**Your assignment**
Transcribe exactly, and only, the lines that fall between the line containing "अलविदा: लाल सलाम" and the last line of the material, both ends included, omitting any pictures.

**Source data**
┌──

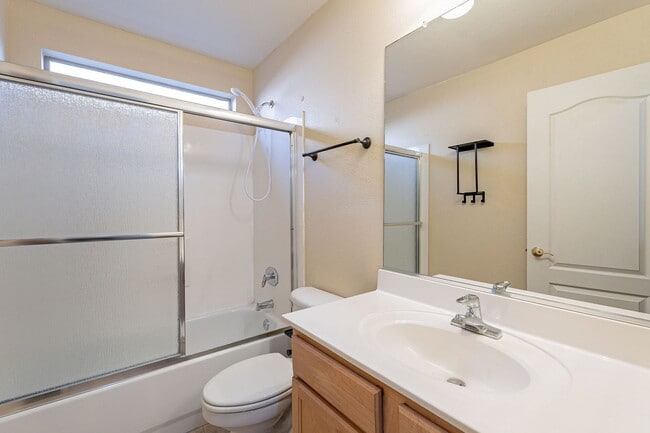 Building Photo - Great 4 Bedroom Dove Valley Home - Play Pool/All Appliances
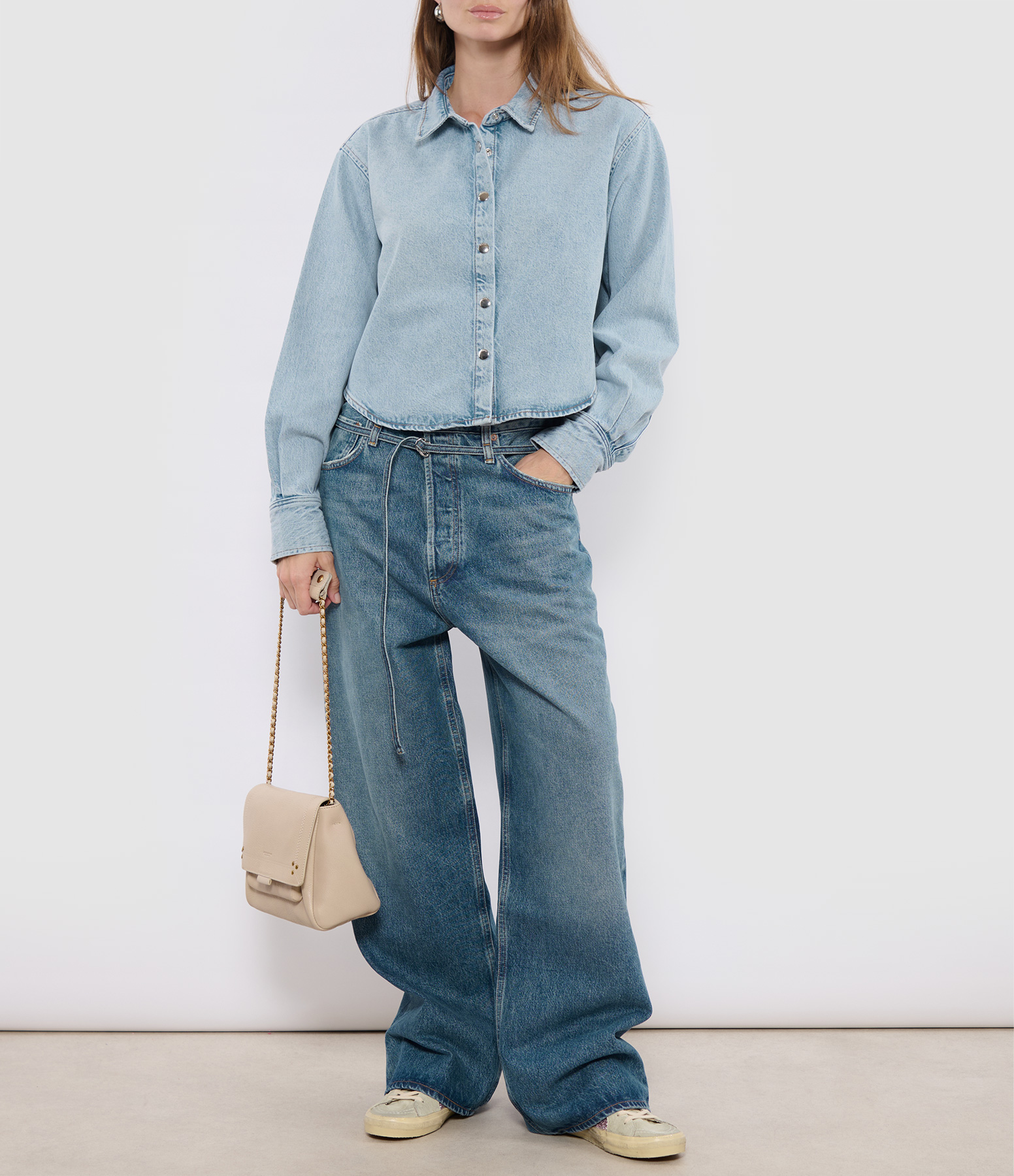 The Swing Shirt, Medium, Light Cast
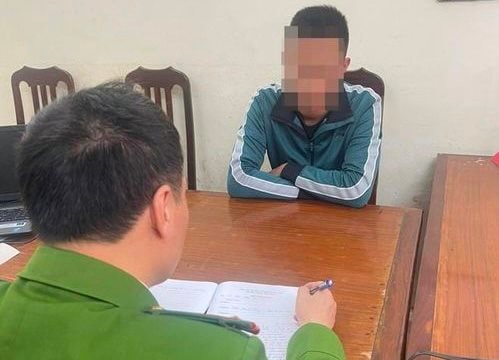 Nguyên nhân tài xế ô tô bất ngờ xuống xe, đạp ngã người chở hàng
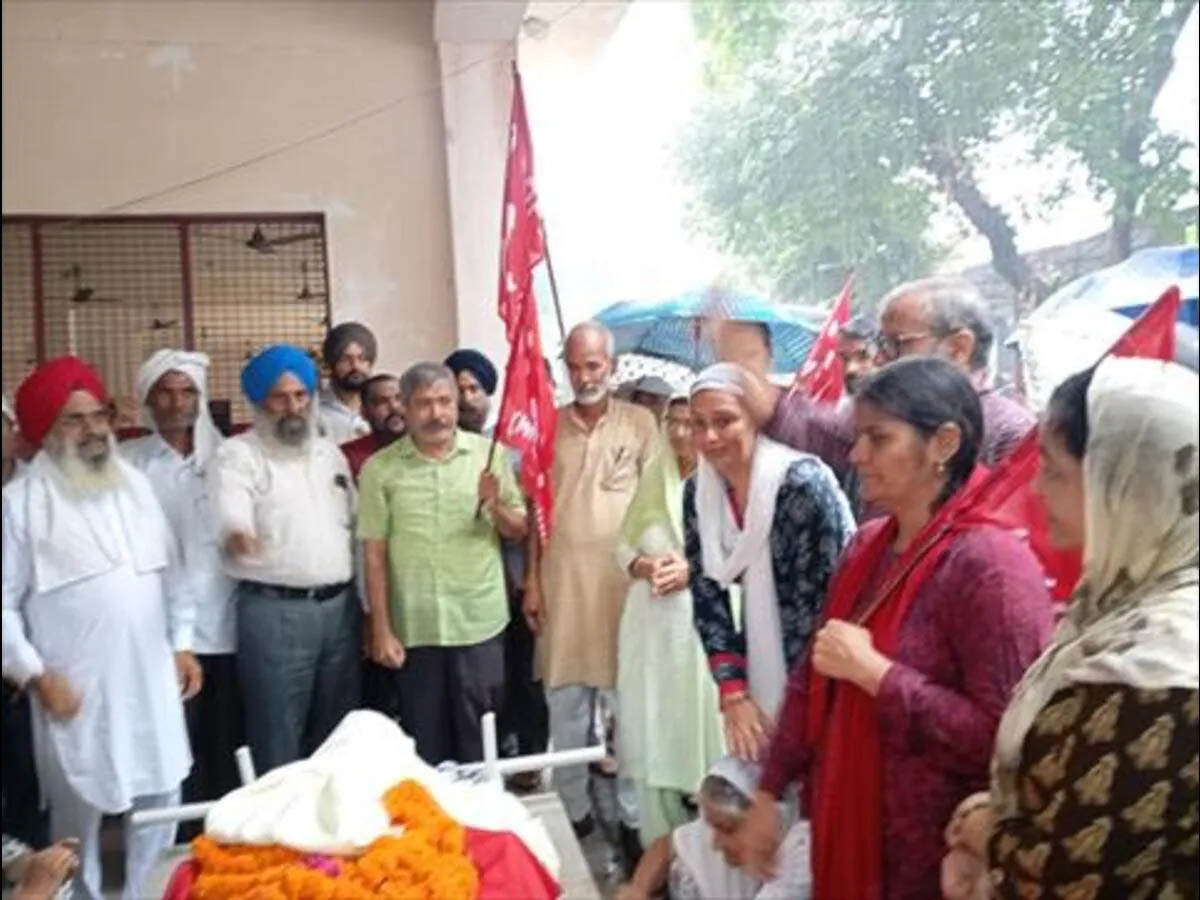 अलविदा: लाल सलाम के नारों के बीच दी गई कॉमरेड निशान सिंह को अंतिम विदाई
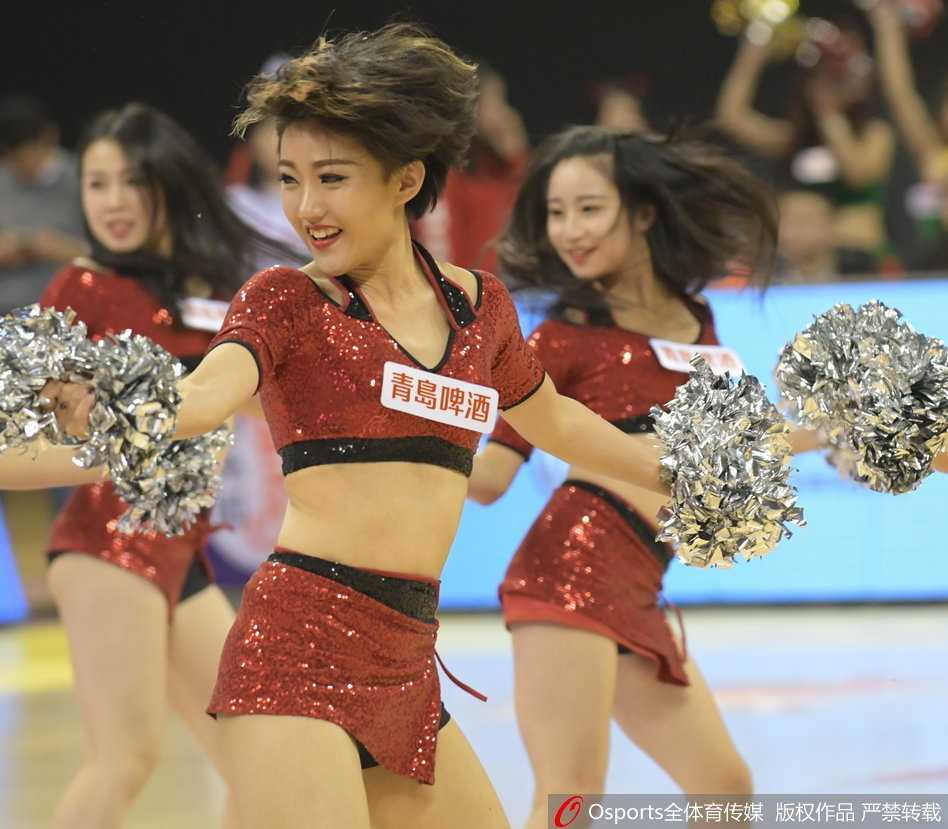 宝贝们变换队形，大秀整齐划一的舞步，修长美腿在红色短裙的映衬下格外吸睛，动感舞姿引爆全场热情。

└──

**Solution for this task**
 अलविदा: लाल सलाम के नारों के बीच दी गई कॉमरेड निशान सिंह को अंतिम विदाई
 宝贝们变换队形，大秀整齐划一的舞步，修长美腿在红色短裙的映衬下格外吸睛，动感舞姿引爆全场热情。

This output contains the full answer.